La seguridad de los ciudadanos en el Parque Nacional Waraira Repano está bajo las competencias de la Guardia Nacional Bolivariana (GNB), mientras que el registro de los visitantes y vigilancia ambiental está a cargo de los Guardaparques del Instituto Nacional de Parques Nacionales (Inparques).

La montaña tiene alturas que varían desde 120 hasta los 2.765 metros sobre el nivel del mar y una superficie de 85.192 hectáreas. Actualmente hay 15 sedes a lo largo de El Ávila y el más alejado de la ciudad queda a 1.600 metros de altura.

Luego de eso no hay más vigilancia. “Ellos hacen lo que pueden, porque tampoco tienen personal suficiente. Incluso nosotros los ayudamos a veces a cortar la maleza de las rutas más alejadas”, indicó Juan Andrade, abogado que tiene más de 15 años subiendo a El Ávila durante los fines de semana.

“No lo visito con la frecuencia que me gustaría precisamente por el tema de la seguridad y mal comportamiento de visitantes en el caso de la entrada de Sabas Nieves”, apuntó Vivi Vargas, runner y senderista.
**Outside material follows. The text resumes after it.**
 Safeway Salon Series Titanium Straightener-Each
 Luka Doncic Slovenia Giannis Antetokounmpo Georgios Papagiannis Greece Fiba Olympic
Ella es parte de los visitantes que han denunciado que los funcionarios de la GNB tampoco se encuentran en todas las entradas ni en todos los puestos de los guardaparques.

Luego de los dos incidentes de robos masivos, los usuarios de la montaña caraqueña se reunieron con los funcionarios de la GNB. Vieira, que además de usuario frecuente es uno de los integrantes de la comunidad 2.0 Proyecto Ávila Segura, indicó que a finales del mes de enero se logró un acuerdo con los militares para que vigilaran las cinco entradas a El Ávila de 6:00 am a 6:00 pm.

Recomendaciones

Entre las recomendaciones de los usuarios del parque nacional caraqueño se encuentran las jornadas de desmalezamiento, mantener custodiados todos los accesos con uniformados de la GNB, crear un plan de entrenamiento para discentes de cuerpos policiales que incluya subir la montaña, colocar vigilancia a lo largo de las rutas más frecuentes o implementar un despliegue de guardaparques y/o funcionarios a modo de patrullaje.